You can make paper and ink
Consider the examples given by Fabricate:
For example, you can fabricate a wooden bridge from a clump of trees, a rope from a patch of hemp, and clothes from flax or wool.
Do you think making paper or ink is significantly more difficult than making a bridge, a rope, or clothes?
No way. Making clothes is by far the most difficult task. Not only do you need to process the flax or wool into thread, but then you have to magically weave it too.
If all you need to do is record spells, you can certainly grab some sticks and leaves from the ground and form them into paper, and prick your finger and form the blood into ink.
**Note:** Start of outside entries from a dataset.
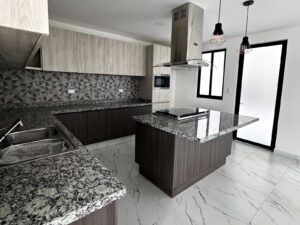 Cocina con isla de casa en venta en Altana, Plaza San Diego, Puebla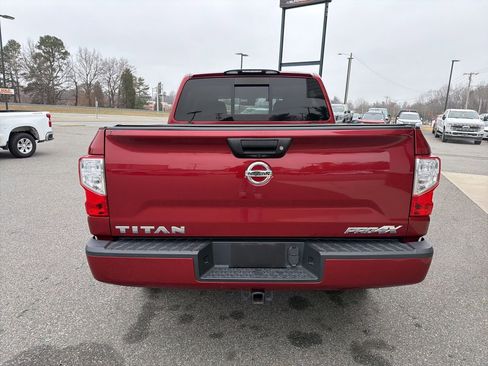 Used 2019 Nissan Titan PRO-4X image 7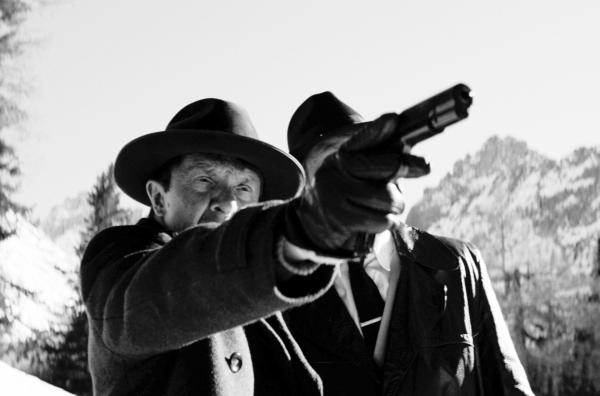 Bild 1 von 5: Mordverdacht ? als einer der deutschen Physiker auf monströse Weise ums Leben kommt, treten zwei Ermittler, die Kommissare Arnold (David Bennent, li.) und Amrein (Philippe Graber, re.), auf den Plan.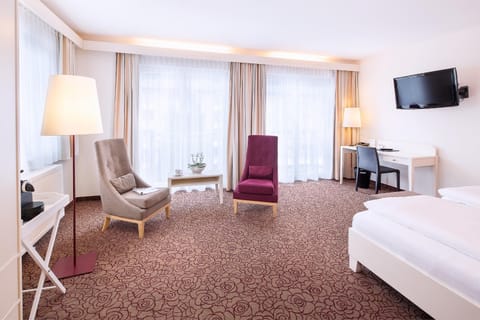 Day, TV and multimedia, Photo of the whole room, Bedroom
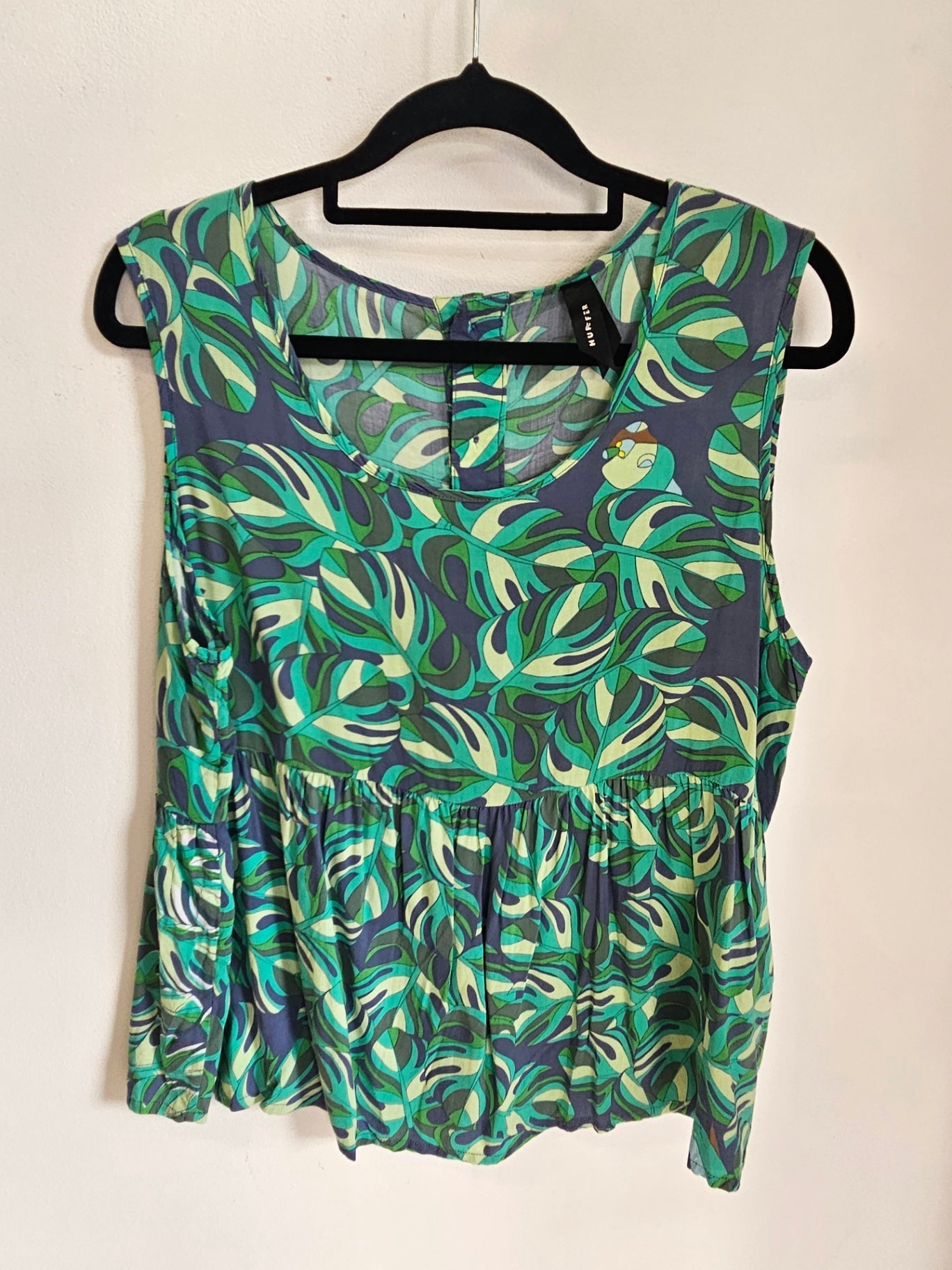 HUFFER VISCOSE SLEEVELESS TOP GREEN RETRO LEAF SIZE 8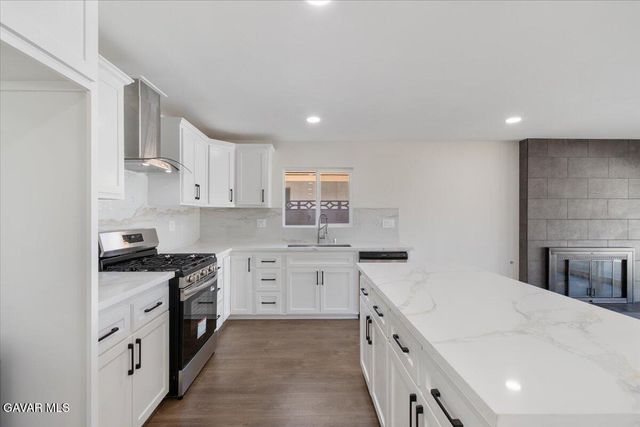 133 E Avenue Q4, Palmdale, CA 93550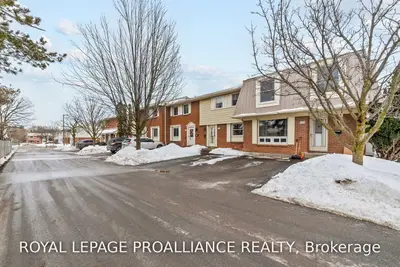 205 NORTH PARK Street B, Belleville, ON K8N 4P9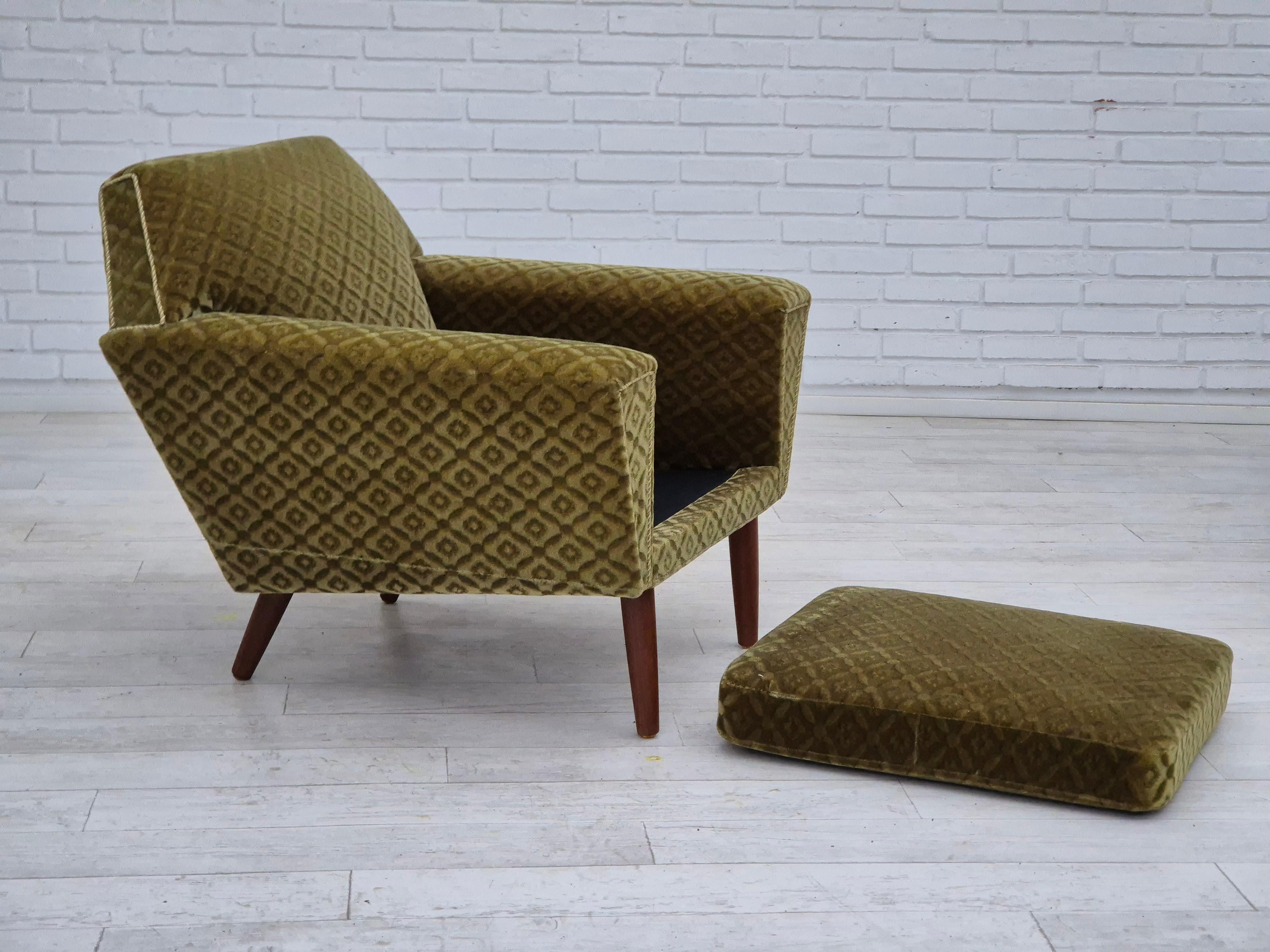 1970s, Danish armchair by Georg Thams, original upholstery, green velour, teak. For Sale 8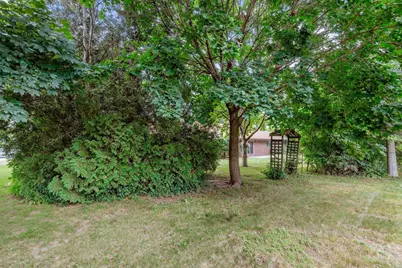 301 Oak Manor Drive, Oshkosh, WI 54904 - Photo 8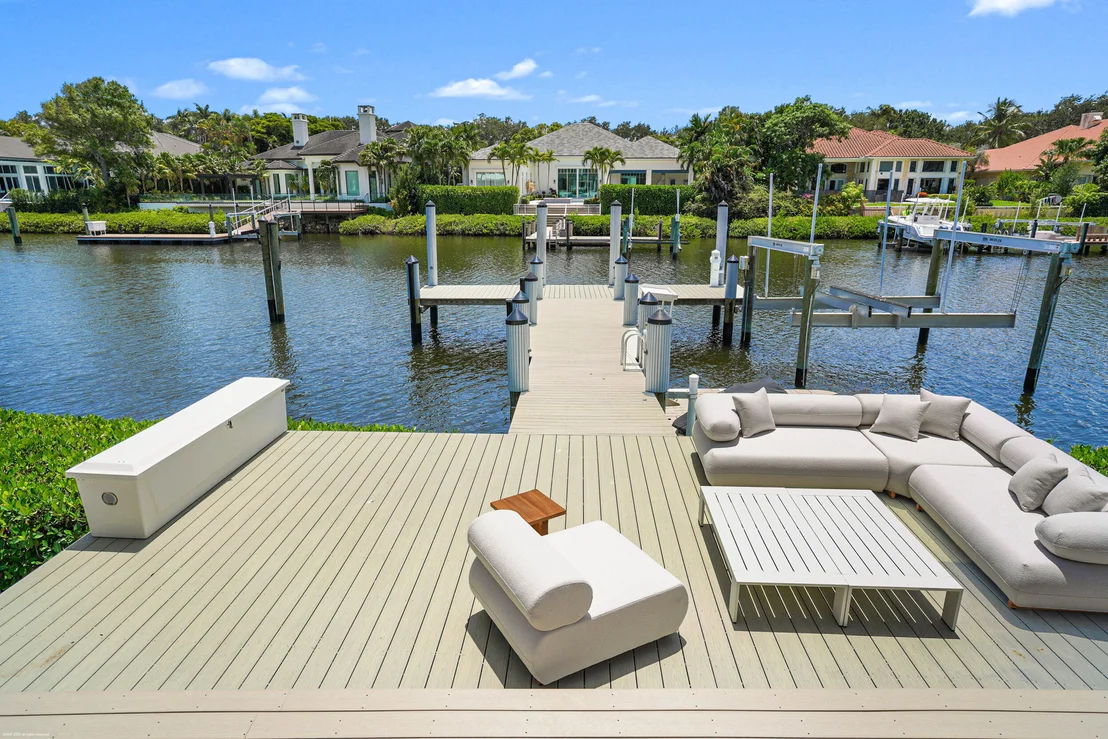Photo of 369 Eagle Drive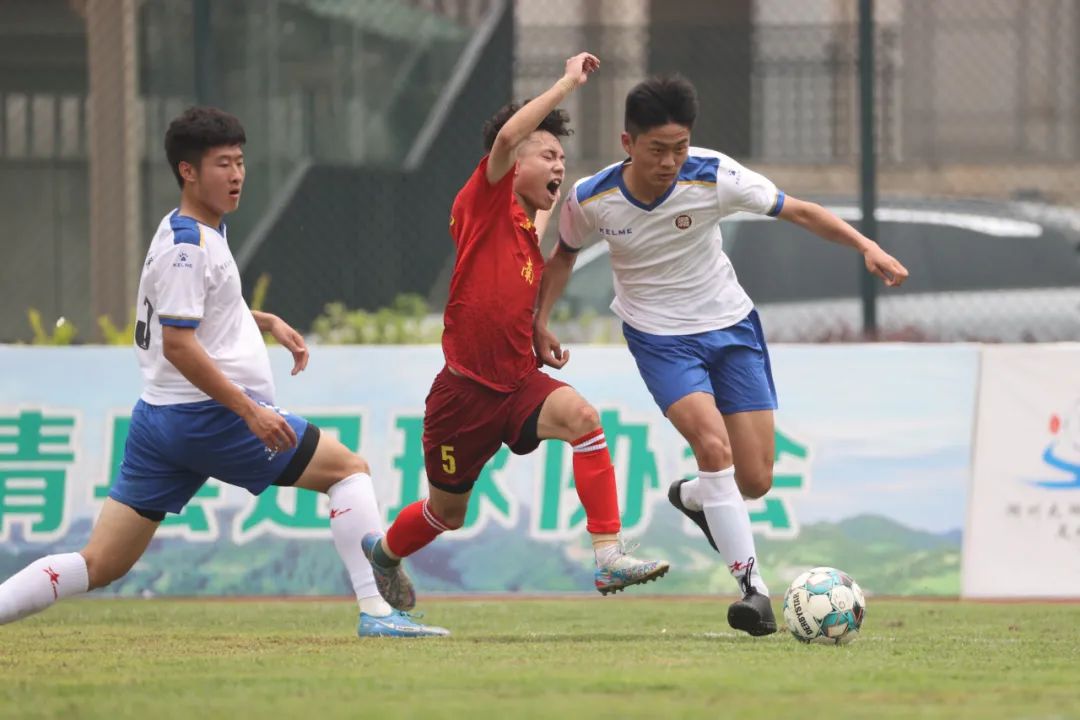 展演活动开场活跃气氛,积极参加文化展演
I'm sure you could pick up a twig and form it into a pen too.
The limitations of course are:
The quality of objects made by the spell is commensurate with the quality of the raw materials.
You need high quality fibres to make high quality paper.
You also can't use it to create items that ordinarily require a high degree of craftsmanship, such as jewelry, weapons, glass, or armor, unless you have proficiency with the type of artisan's tools used to craft such objects.
You probably can't create some kind of artisan embossed special paper or fine ink without proficiency.
This doesn't much help a wizard
Your book is presumably already made of paper, so that's a good start. But, the Wizard spellbook rules state:
For each level of the spell, the process takes 2 hours and costs 50 gp. The cost represents material components you expend as you experiment with the spell to master it, as well as the fine inks you need to record it.
Creating a "fine ink" is probably quite difficult and expensive. You can create the ink yourself for a discounted price so long as you have an appropriate proficiency and expensive enough materials.
However even if you can make the ink, you still have to pay for the other material components to practice the spell.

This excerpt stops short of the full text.